LHT in Hamburg, Germany is completing major modifications on a 747-300 and an MD-11 and plans to add a second widebody line later this year as well as a second Airbus A318 Elite completion line, with the goal of turning out as many as six a year, says Walter Heerdt, senior vice president for sales and marketing. "We are growing our business and expanding capacity carefully. The last thing we want is overcapacity," he says.

Gore Design, a relative newcomer to the widebody completions business, opened its new 11,000m2 (150,000ft2) hangar three years ago and is planning to add a further 7,500m2. The San Antonio, Texas-based centre is currently completing two BBJs, a 767 and an A320. "This type of growth is unprecedented," says founder and managing director Jerry Gore. "We are talking to three potential 787 customers now and one 747-8 customer, and have already locked in slots for narrow- and widebody aircraft until 2012 - and they're willing to put down substantial, non-refundable deposits to hold them," he says.

Good prospects

Boeing's Hill says while heavy investment is required in these facilities the long-term prospects are good. "No-one wants to relive the after effects of the previous downturn with massive layoffs and empty hangars," he says. "But no one would be prepared to make such a huge investment unless there was a sound business model and a long term future." Hill expects the bottleneck to ease in 2012 "when deliveries will settle to around five new widebodies a year and cycle times shorten as familiarisation increases".

There is a strong future for VIP narrow- and widebody completions both for green and used aircraft, Marx agrees. "Technology and tastes change very rapidly in this business. Customers want the very latest and the best of what is available," he says. "We're seeing interiors with some very complex cabin management systems, and almost every customer is asking for total system integration."

Move or improve

The refurbishment business has benefited smaller and lesser-known facilities that mop up the fall-out from major completions centres forced to turn work away. The Netherlands' Fokker Services, which was appointed by Airbus as a completion centre for its ACJ family, has seen demand for cabin refurbishments increase over the past two years. "We are overwhelmed at the interest we are getting," says business development manager Peter Van Oostrum. "We have one slot available for next year and then we are sold out until 2009. At the moment we perform three refurbishments and green completions a year, but we plan to grow this to seven a year."

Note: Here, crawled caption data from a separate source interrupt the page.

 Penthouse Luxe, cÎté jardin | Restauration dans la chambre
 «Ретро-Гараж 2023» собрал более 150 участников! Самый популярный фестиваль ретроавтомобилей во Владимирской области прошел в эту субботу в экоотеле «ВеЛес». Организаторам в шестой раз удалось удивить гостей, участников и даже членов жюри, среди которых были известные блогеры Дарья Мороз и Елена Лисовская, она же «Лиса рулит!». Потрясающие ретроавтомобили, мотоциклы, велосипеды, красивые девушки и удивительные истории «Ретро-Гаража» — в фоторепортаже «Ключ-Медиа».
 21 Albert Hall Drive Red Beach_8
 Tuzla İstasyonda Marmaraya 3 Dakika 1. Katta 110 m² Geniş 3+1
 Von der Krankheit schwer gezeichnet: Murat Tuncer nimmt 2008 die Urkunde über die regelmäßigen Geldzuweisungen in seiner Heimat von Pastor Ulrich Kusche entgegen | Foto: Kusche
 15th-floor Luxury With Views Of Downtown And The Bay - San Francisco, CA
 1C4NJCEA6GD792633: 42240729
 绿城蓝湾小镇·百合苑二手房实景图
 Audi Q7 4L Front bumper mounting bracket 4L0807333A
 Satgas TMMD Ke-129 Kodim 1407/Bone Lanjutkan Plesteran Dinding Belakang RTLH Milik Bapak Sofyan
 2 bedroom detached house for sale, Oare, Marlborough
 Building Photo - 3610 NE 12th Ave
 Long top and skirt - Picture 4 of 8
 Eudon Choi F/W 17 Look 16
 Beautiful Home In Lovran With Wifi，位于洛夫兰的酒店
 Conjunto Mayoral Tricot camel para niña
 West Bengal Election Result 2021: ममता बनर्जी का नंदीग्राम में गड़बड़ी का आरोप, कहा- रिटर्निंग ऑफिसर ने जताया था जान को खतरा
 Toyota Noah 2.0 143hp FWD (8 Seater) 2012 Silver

Conversions of older regional airliners to executive and shuttle configuration are also providing work. "Aircraft such as the Fokker 100, BAe 146 and Avro RJ series, Saab 340, Dornier 328Jet and Bombardier CRJ200 are "proving particularly popular with customers looking a large-cabin aircraft without the high price tag and long range of a Global Express or G450/550", says Van Oostrum.

Capacity across the refurbishment centres is getting tighter and many customers are forced to wait for slots or look for other alternatives. BAE Systems, which earlier this year delivered to Royal Jet in Abu Dhabi a VIP configured Avro RJ70 completed by Jet Aviation, is now talking to traditional maintenance repair and overhaul companies that are looking to make the add completions to their portfolio. "We expect to place up to seven VIP-configured aircraft [146/Avro types] by the middle of next year," says BAE Systems sales manager Andy Whelan. Five out of seven of these aircraft will be fitted with a combination interior - part VIP and part economy - or business-class seating. "Most of this equipment can be purchased off the shelf and does not require the 'Rolls-Royce' completion service provided by the likes of Jet Aviation and LHT," he says.

While the market remains hot it is tempting for completion centres to squeeze capacity to the limit, but most companies are not prepared to take the risk. "It is important to learn from the mistakes of others," says Jet Aviation's Marx. "During the last market boom [in the 1990s] some centres took on too much work, but they lacked the resources to complete the job on time and were forced to shut down due to the huge financial penalties. We won't let that happen, even if it means turning away more business."